Une fois les enfants nourris, les dents brossées et la petite histoire
racontée, c’était « tout le monde au dodo !». Il était 20h15 et ce
charmant couple pouvait enfin se coller dans sa méridienne devant
la fin de Quotidien, un talk show d’infotainment - de l’info qui
divertit - parce que sinon l’info c’est pas très drôle. C’est de l’info.
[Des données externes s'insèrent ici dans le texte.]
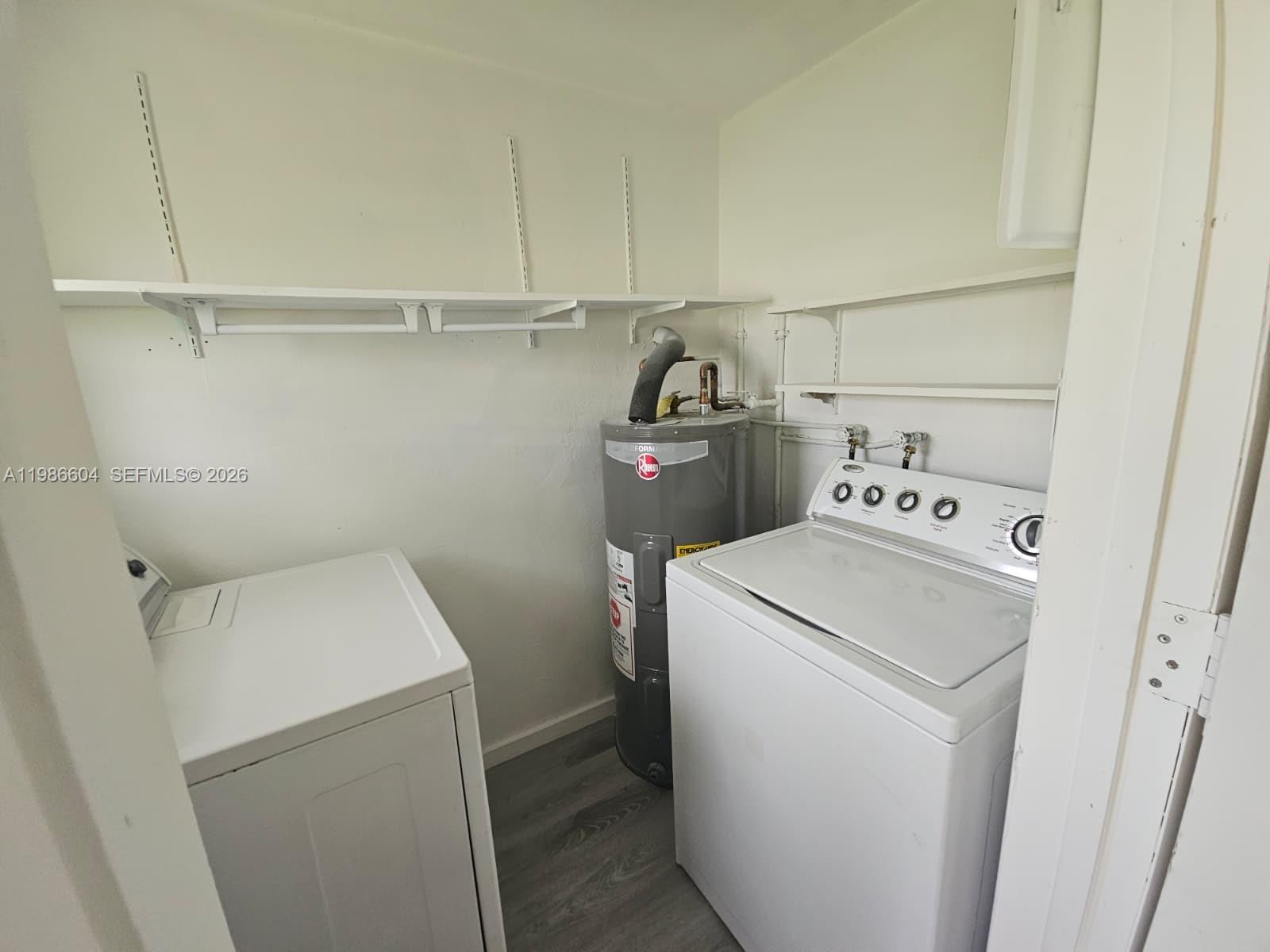 11287 Southwest 169th Street, Unit V41032 Miami, FL 33157 - Photo 9 of 14 a utility room with dryer and washer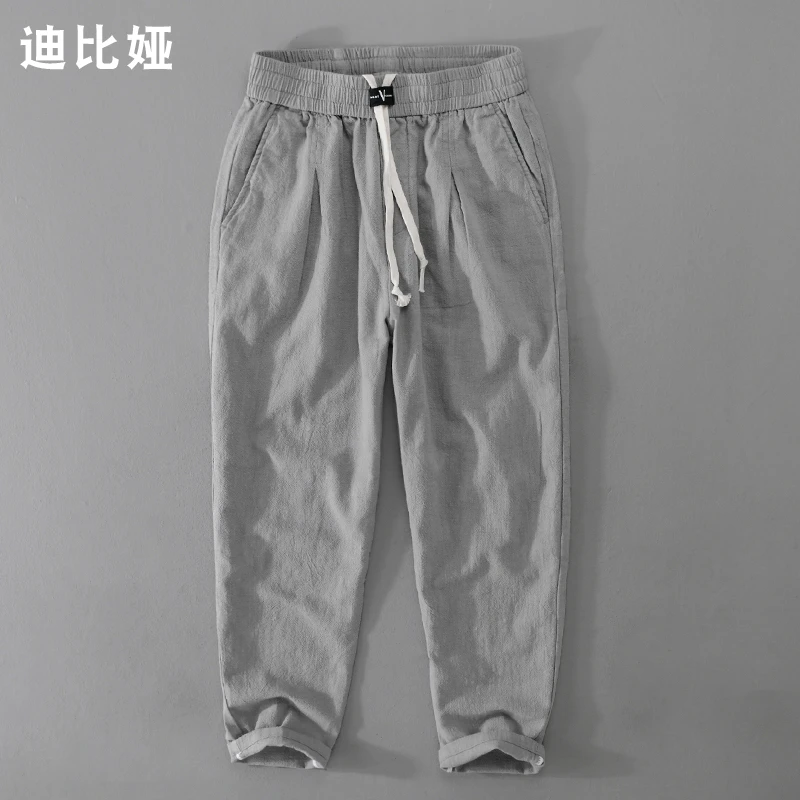 迪比娅夏季薄款休闲苎麻长裤宽松休闲透气百搭青年锥形麻料男裤Y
À l’écran y’avait des gens mi-chroniqueurs, mi-journalistes, ils
ironisaient sur des sujets sérieux et polémiquaient en parlant de
conneries sans intérêt. La démarche n’était pas idiote, elle était
même lucide. Il fallait de la légèreté partout, surtout quand tout
est lourd.
Il était impossible pour Béa et Tony de regarder Hanouna, la
vulgarité, très peu pour eux. Ils ne supportaient pas sa bande de
tocards, sortie de nulle part, commentateurs de comptoirs, se
prendre la quiche pour des nouilles dans le slibard. Ils attendaient
beaucoup plus de la télé. Ce petit objet qui les avait élevés. Une
fois leur compote-litchi-bio engloutie, ils se vianderaient devant
Le Meilleur Pâtissier, ou critiqueraient le pauvre gars qui cherche
des appartements en se faisant insulter.
6h45, un iphone fait un chant de grenouille. Tony doit aller chier.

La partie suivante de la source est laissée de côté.